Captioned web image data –

★ ★ ★ ★

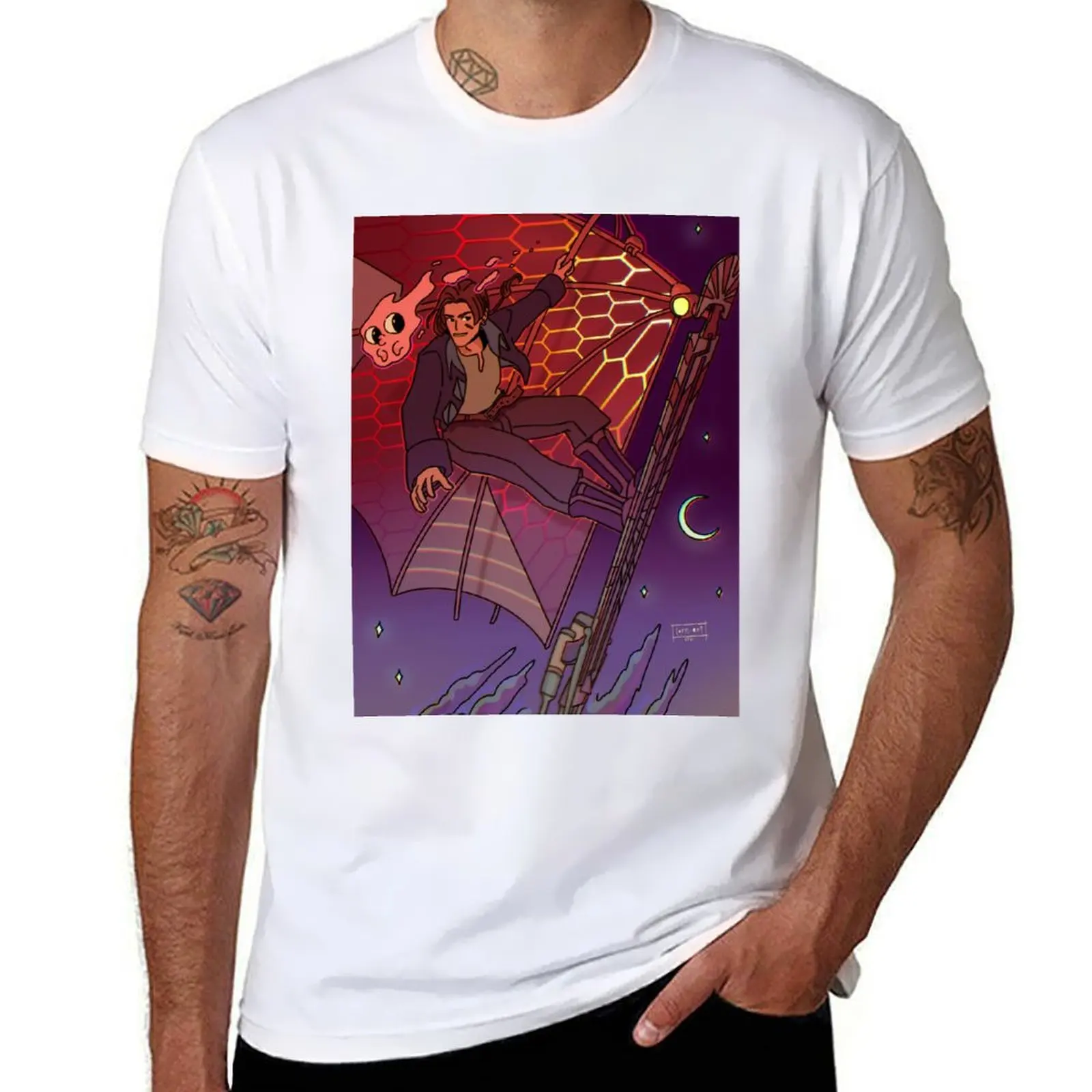 

Jim Hawkins T-Shirt man graphic t shirt cotton t shirts man 100% T-Shirt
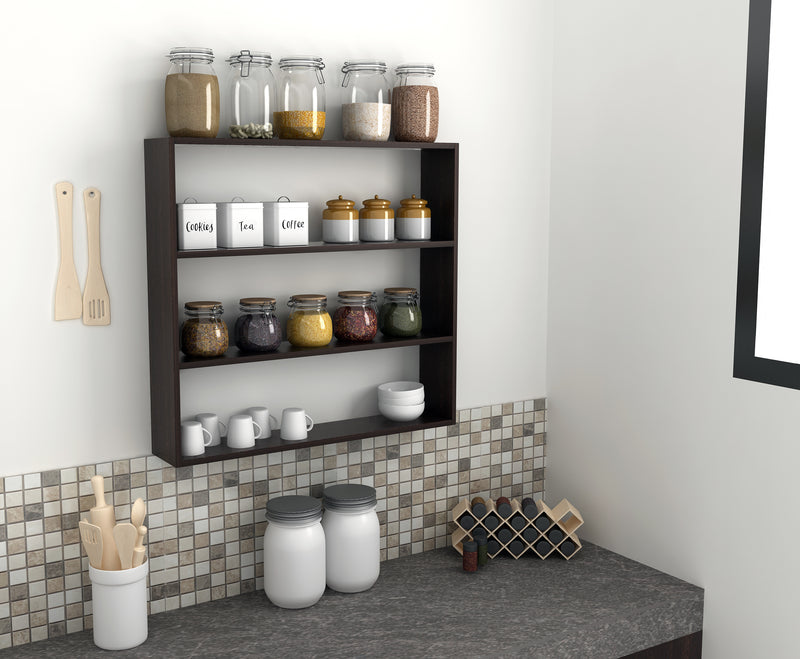 Jasden  Wall Mount Multipurpose Kitchen Storage Rack - Slim Profile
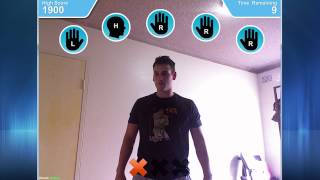 Motion game demo using Kinect and Adobe AIR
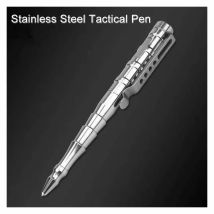 Neue Voll Edelstahl Taktische Stift Außen EDC Werkzeug Notfall Überleben Kit Fenster Breaker Schreiben Stift Geschenk Box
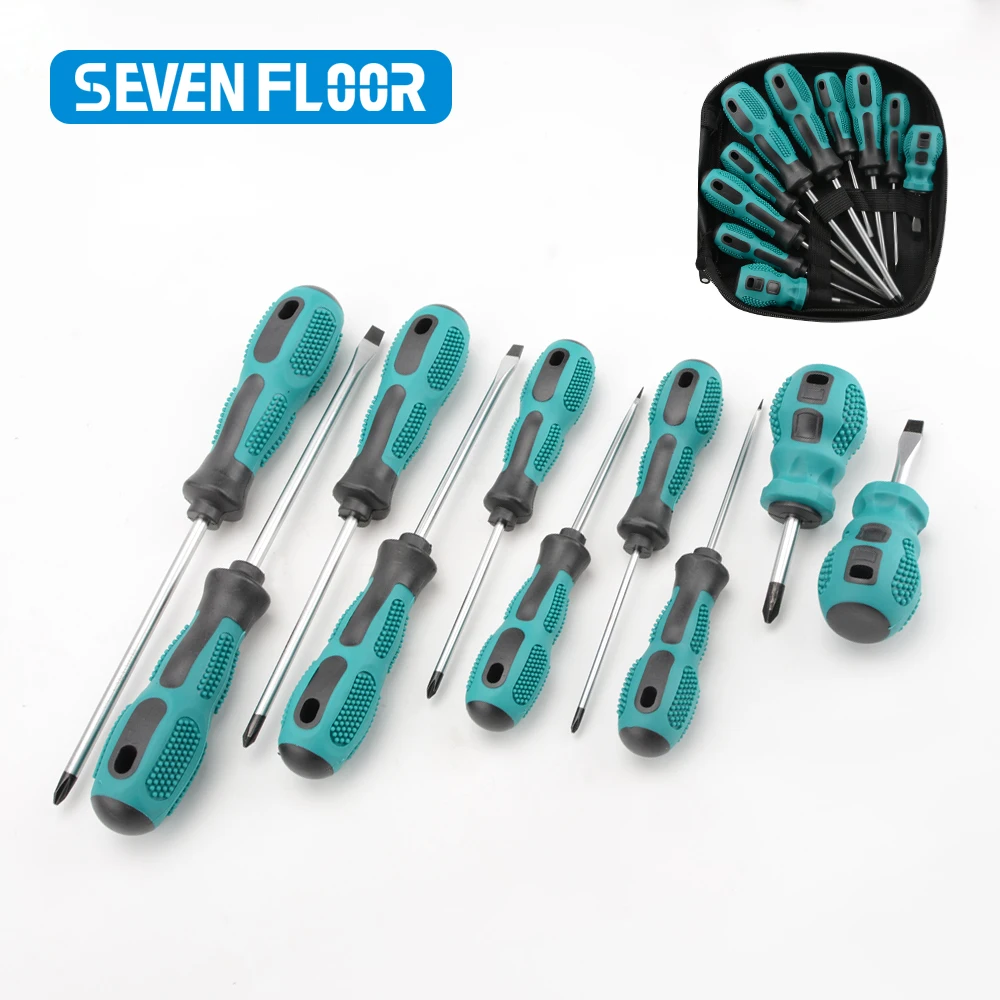 Precision Screwdriver Set 10Pcs Precision Screwdriver Set Hand Multi-tool Kit SL and PH Magnetic Bit Insulated Handle Screw Driver Repair Tools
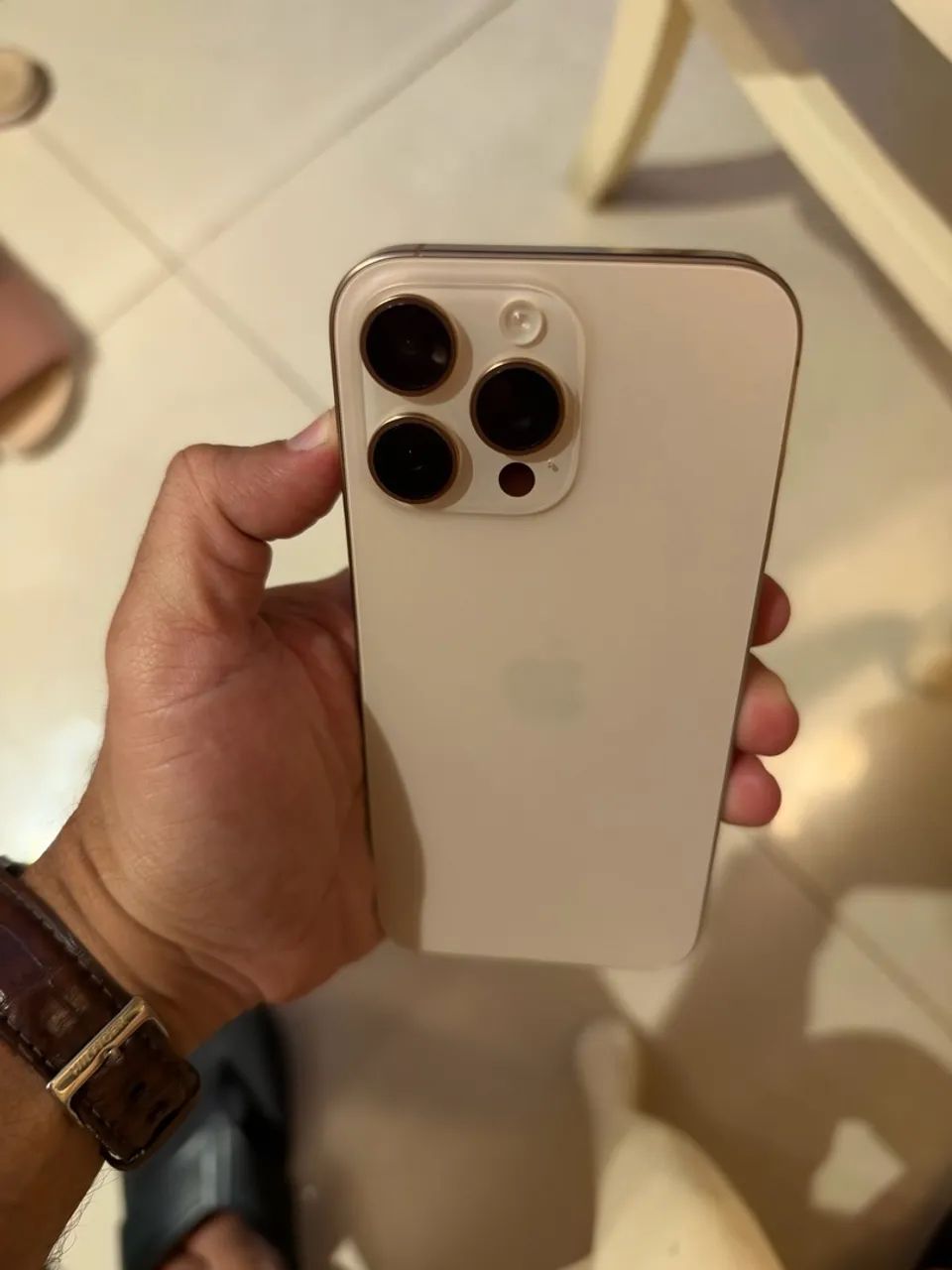 iPhone 16 pro max 256GB na cor Desert - Foto 3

★ ★ ★ ★

Your instructions – Write out, exactly and with no pictures, the lines of the data from the first through the line containing "Neue Voll Edelstahl".

Answer to this exercise –
Jim Hawkins T-Shirt man graphic t shirt cotton t shirts man 100% T-Shirt
 Jasden  Wall Mount Multipurpose Kitchen Storage Rack - Slim Profile
 Motion game demo using Kinect and Adobe AIR
 Neue Voll Edelstahl Taktische Stift Außen EDC Werkzeug Notfall Überleben Kit Fenster Breaker Schreiben Stift Geschenk Box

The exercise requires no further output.